例えば、ある家族の食卓では、毎日、穀物、根、塊茎を食べることができる。しかし、豆、レンズ豆、その他の植物性タンパク質を摂取できるのが週3日、乳製品も週4日しか食べることができない。さらに、肉、魚、卵、野菜、果物などバランスある栄養状態を保つのに必須な食品は、せいぜい週に1度か2度しか食べる機会がない。
調査対象となった世帯の74%は、食品の種類を減らし、品質の悪いものを選ばざるを得ない。約6割の家庭が、そもそも食べる量自体を減らしていると言われる。また生存のために、33%の世帯は、現金収入の代わりに食料品の現物支給を受けている。また現金収入を得るために、少ない資産の売却も止むを得ない。

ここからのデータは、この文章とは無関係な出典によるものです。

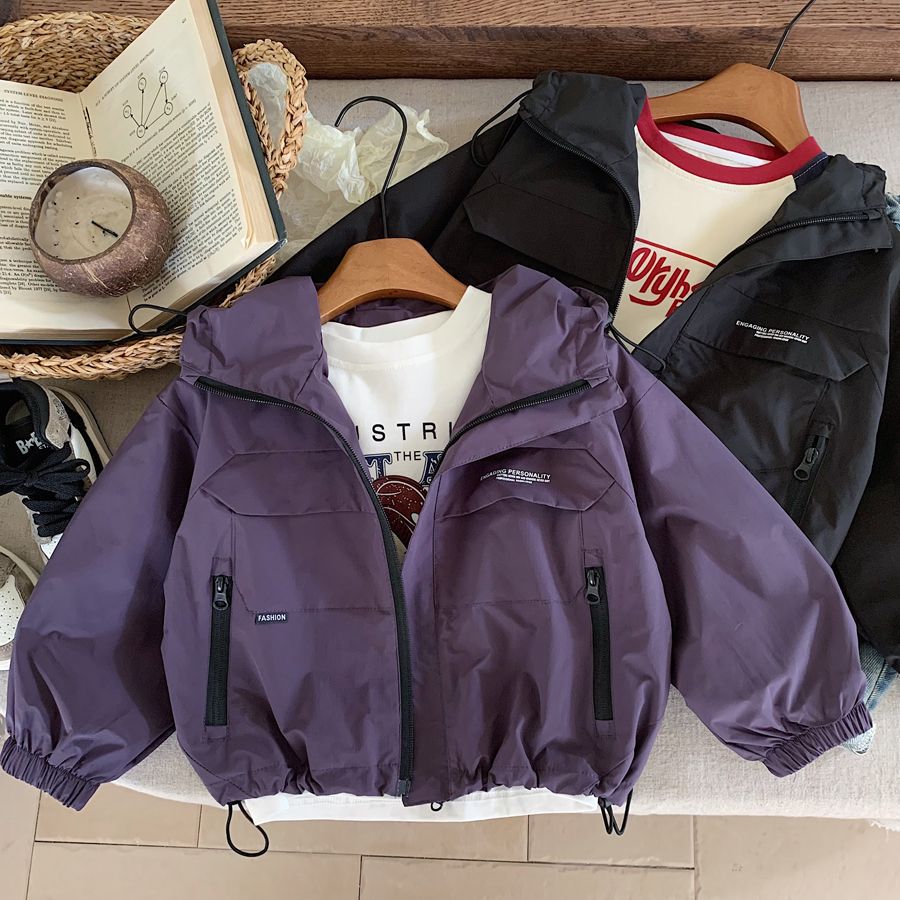 儿童冲锋衣2025春季新款休闲防风防水字母连帽帅气百搭拉链衫外套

WFPは、これらベネズエラの状態に対して、「食の安全保障」の水準を維持するために、多くの家庭がもはや次の手がない状態であり、短期的に栄養失調となる人々の増加が見込まれると懸念を表明。特に、子ども、妊娠中および授乳中の女性、高齢者などへの影響が深刻化する恐れがある。「貧困と飢餓」を解消するためには、持続可能な「経済」活動の構築が課題となっている。